Francis Kpatindé : C’est effectivement un bon indicateur. Les États-Unis et l’UE proposent désormais des coopérations ciblées : aide humanitaire, formations militaires pour lutter contre le terrorisme, ou encore partenariats économiques. Ils savent pertinemment que l’instabilité dans la région pourrait avoir des répercussions bien au-delà des frontières sahéliennes. Abandonner ces pays serait donc une erreur stratégique.
L’or et l’uranium : les ressources stratégiques du Sahel sous le radar occidental
Les puissances occidentales ne négligent pas les enjeux économiques. Le Niger regorge d’uranium, le Burkina Faso d’or, et le Mali exploite également des gisements aurifères. Une réalité qui influence indéniablement leurs stratégies d’engagement.
L’UE, de son côté, semble opter pour une approche individualisée plutôt qu’une vision régionale. L’Allemagne, par exemple, entretient de bonnes relations avec plusieurs pays du Sahel, tandis que la France, ancienne puissance tutélaire, voit son influence décliner.
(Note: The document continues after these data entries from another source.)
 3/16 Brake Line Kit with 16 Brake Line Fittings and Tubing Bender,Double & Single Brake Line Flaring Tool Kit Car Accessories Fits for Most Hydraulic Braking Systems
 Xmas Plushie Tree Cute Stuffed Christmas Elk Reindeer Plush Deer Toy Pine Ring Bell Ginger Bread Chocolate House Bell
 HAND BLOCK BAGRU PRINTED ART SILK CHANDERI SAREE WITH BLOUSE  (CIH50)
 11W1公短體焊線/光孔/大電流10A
Les pays de l’Alliance des États du Sahel (AES) refusent désormais de suivre Paris, privilégiant des partenariats avec d’autres acteurs européens.
Francis Kpatindé précise : « Berlin peut servir de pont pour la France. La présence allemande ou hongroise ouvre des canaux de discussion et permet à Paris de maintenir un lien avec Bamako, Niamey ou Ouagadougou, malgré les tensions. »
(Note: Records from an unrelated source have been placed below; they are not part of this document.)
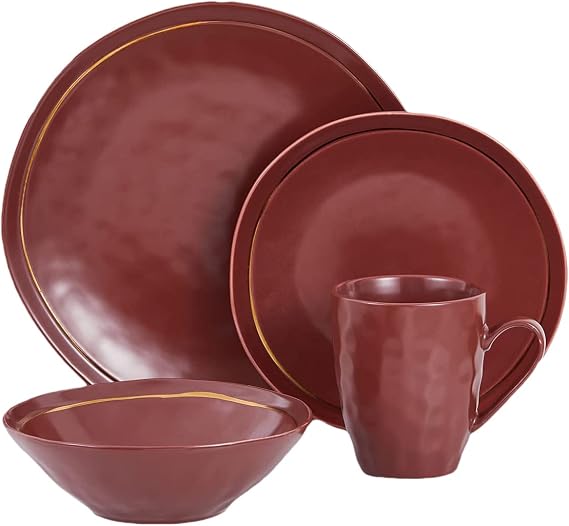 Stone Lain Clara 16-Piece Dinnerware Set Porcelain, Burgundy, Service For 4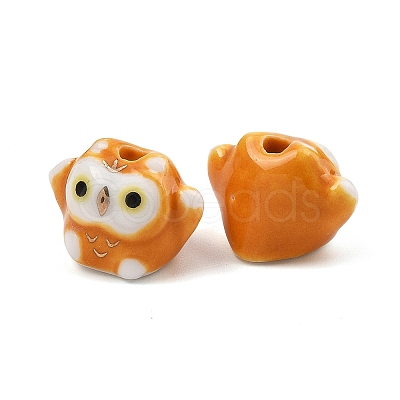Cute Hand Painted Mini Owl Porcelain Beads PORC-F014-01D-1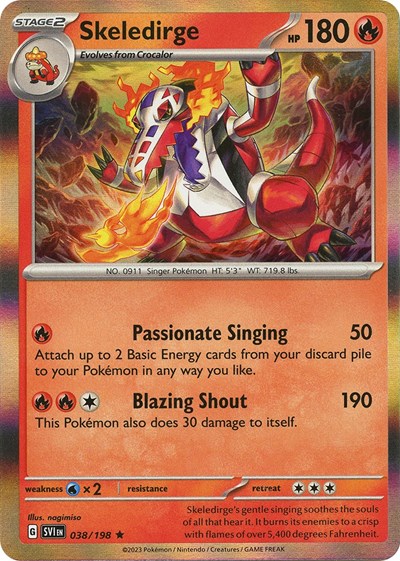2023 Pokemon: SV01: Scarlet & Violet Base Set (SVI) - Skeledirge (#038/198, Rare) (Reverse Holofoil, Near Mint)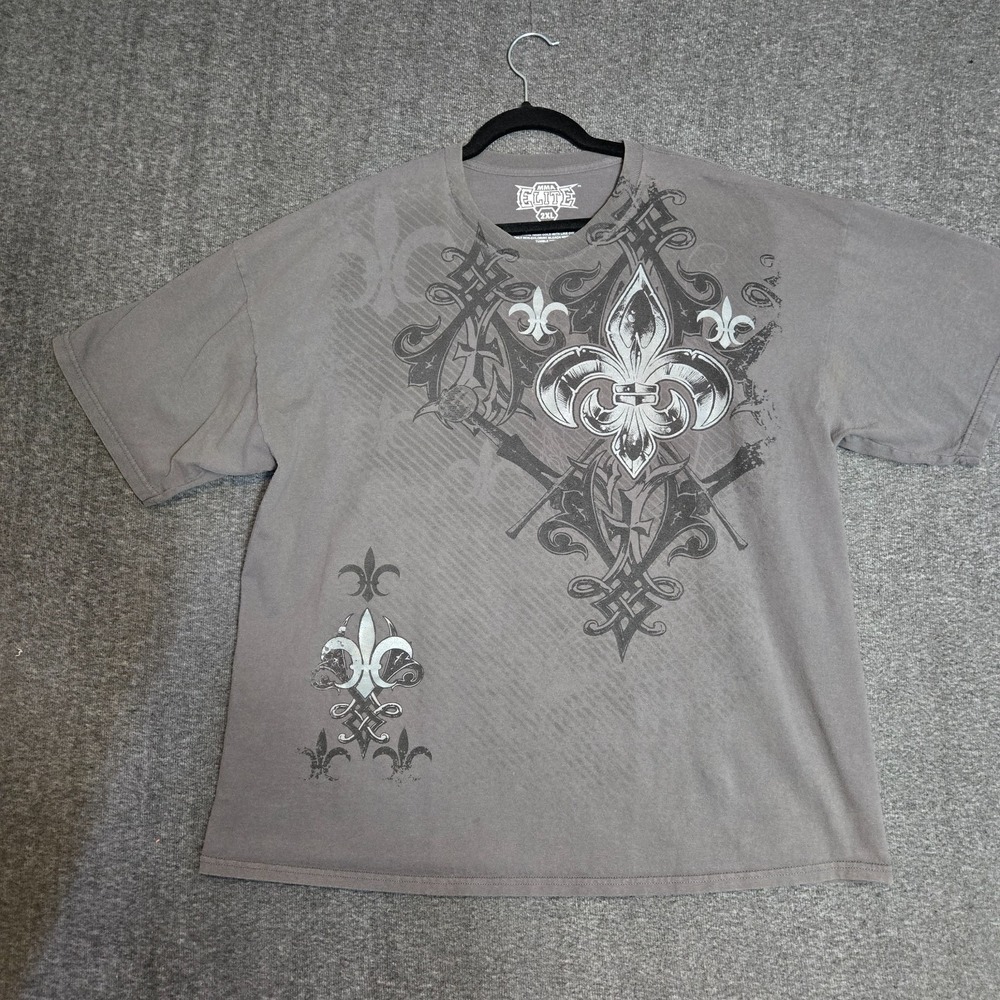 MMA Elite T‎ Shirt Size 2XL Gray Fleur De Lis Short Sleeve Y2K Grunge Goth AOP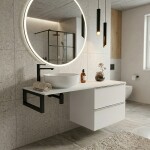 CERANO - Koupelnová skříňka Velora - bílá matná, úchytka chrom + deska pod umyvadlo z lit. mramoru Elanys - 12 mm + konzole černá - 140x54,2x46,5 CER-679370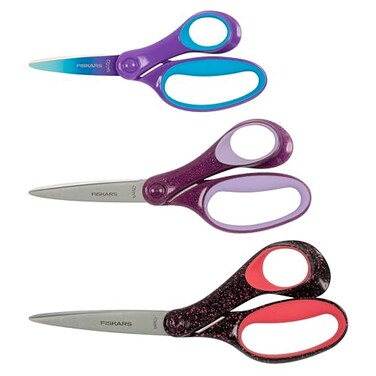 Fiskars SoftGrip Kids Scissors Set, Ages 8-15, SchoolCraft, 3-Pack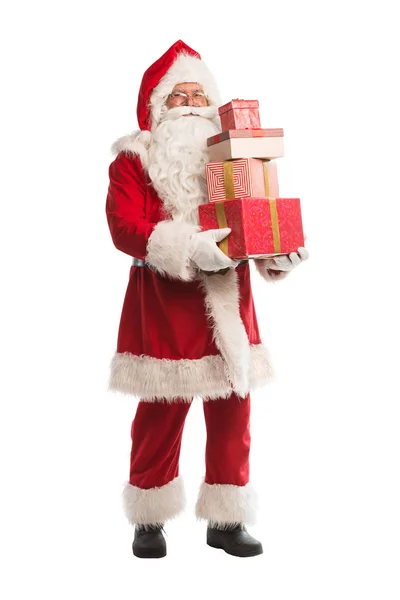 Санта Клаус Подарками Белом Фоне — стоковое фото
Vers une recomposition des alliances au Sahel ?
Les récentes initiatives diplomatiques et économiques de l’UE et des États-Unis suggèrent une stratégie d’adaptation. Entre coopération pragmatique, recherche de nouveaux partenaires et prise en compte des réalités locales, ces puissances tentent de préserver leurs intérêts sans ignorer les aspirations des populations et des gouvernements sahéliens.
Une chose est sûre : le Sahel reste un laboratoire géopolitique où chaque décision peut redéfinir les équilibres régionaux.